My vote goes to Sosa, if his arm is stretched out enough. He showed that he can do well with spot starts and he can then be placed back in to the long man role. Figueroa is an unknown that hasn't pitched at the ML level for awhile. Pelfrey needs to let the dogs out and start throwing strikes

I agree with Sosa... give him a shot, if it works out, keep him starting... if not, move him back to the 'pen. He'll be motivated to throw hard if he wants to stick around.

Sosa is a viable option, but I have to agree with the masses. If he starts over a long period of time, he is exposed and becomes less effective as a two pitch pitcher. 3 or 4 starts and El-Duque is ready, I believe the Mets will be fine. I do like the fact the first four slots of the rotation on any day can produce wins. It is the consistancy that is the key. Quality starts, and pushing into the 6th, 7th maybe even 8th innings on occasion will help to balance out the workload in the pen, which will be more effective to not be drained early on. I would like the Mets to sign Garcia and let him take his time in New Orleans when he is ready to pitch. I don't like to speak things up but can they really rely on EL-Duque the whole season. Garcia would be a nice insurance policy, if not, Pelfrey, Niese, maybe even sign Claudio Vargas too. Never have enough arms you know.

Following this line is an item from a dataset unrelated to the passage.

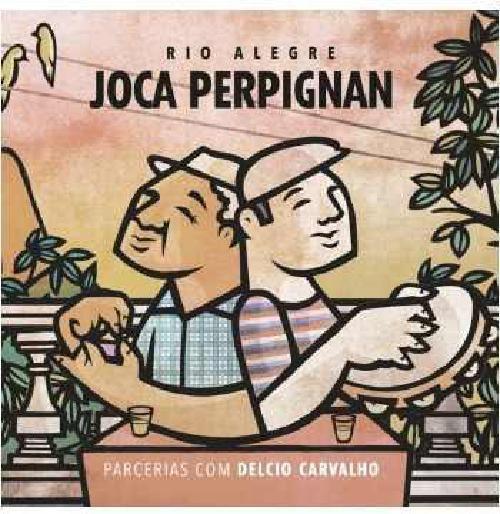 Imagem de CD Joca Perpignan - Rio Alegre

Call me a dumb old fart (I know you will) for this modest proposal.

We have, IMHO, the best 1-4 in baseball. Remember back in the day, when a pitching rotation was four deep instead of five? Why not go back to that day? A strict pitch count, a five inning limit (maybe six if the starter is cruising), and an array of different styles out of the bullpen for innings 6 through 9.

As it is, in recent years, our bullpen has been eating up far more innings than most teams, and a six-inning outing with a Mets lead has become a quality start in our eyes.

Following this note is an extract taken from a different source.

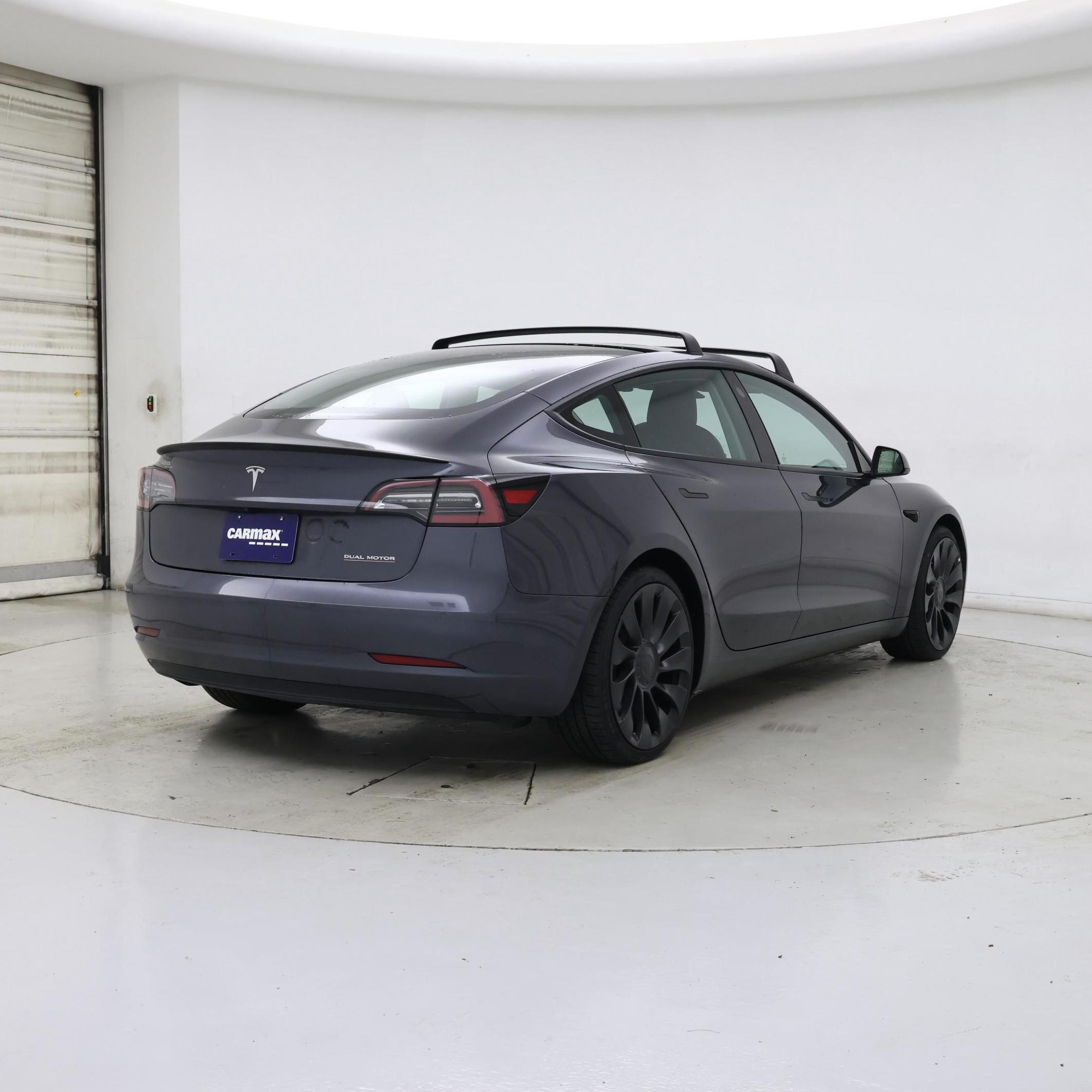 Thumbnail: 2022 Tesla Model 3 - 8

Down side: more wear and tear on our older arms. BUT...why not save those older arms for the games instead of assigning them a day in between starts to throw?
Up side: All four starters get as many as forty chances to earn a win.

I'm waiting for the onslaught of "you idiot" comments, and they may be right. I may be crazy. But it just might be a lunatic idea we're looking for.

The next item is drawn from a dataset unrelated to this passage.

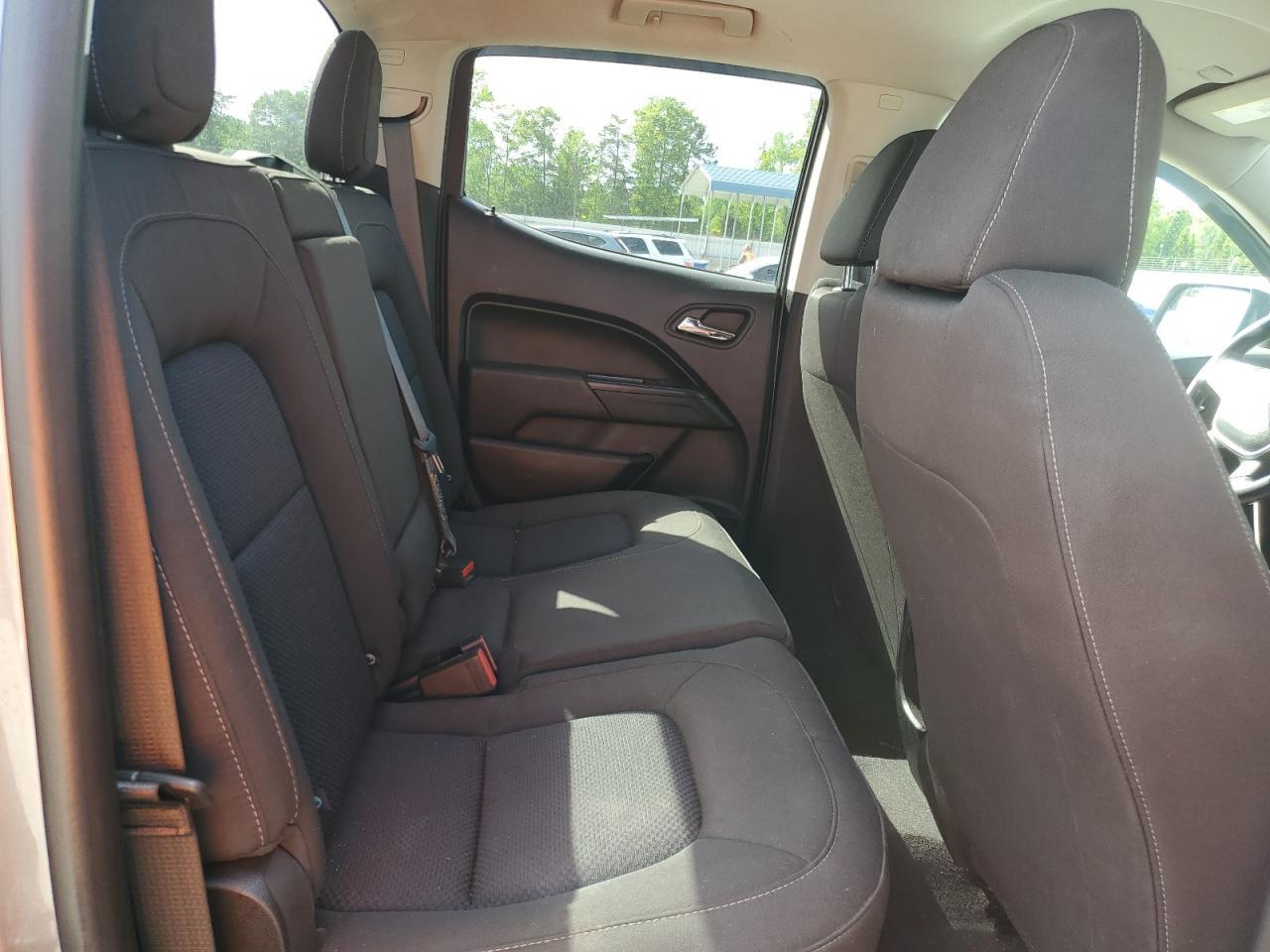 2022 Chevrolet Colorado Lt Copart, lot number: 55823595, vin: 1GCGSCEN3N1129706. Thumbnail 10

My final thought: when exactly did starting rotations go from 4 to 5? Does anyone have a "jump the shark" moment for this phenomenon?

I don't remember when the rotations went from 4 to 5 pitchers. I too wondered why do we need 5 starters. I understand the current thinking that you don't want to overwork the expensive arms. Why can't ther be a shared start? Designated starters go 5 and only 5 and then bring in another pitcher to pitch 3 or 4. Then you don't have a long man in the pen waiting for someone to get hurt or get shelled.
Then you could have two pitchers (RH or LH) that can be stretched for the occasional start when one of the regulars is out.
Might be something Tony LaRussa would try.

Guys, I remember when starters would routinely pitch 250-300 innings, and most of them would be finished by the time they were in their early 30s. Do you really want that to happen to Santana? For better or worse, the 5-man rotation is here to stay.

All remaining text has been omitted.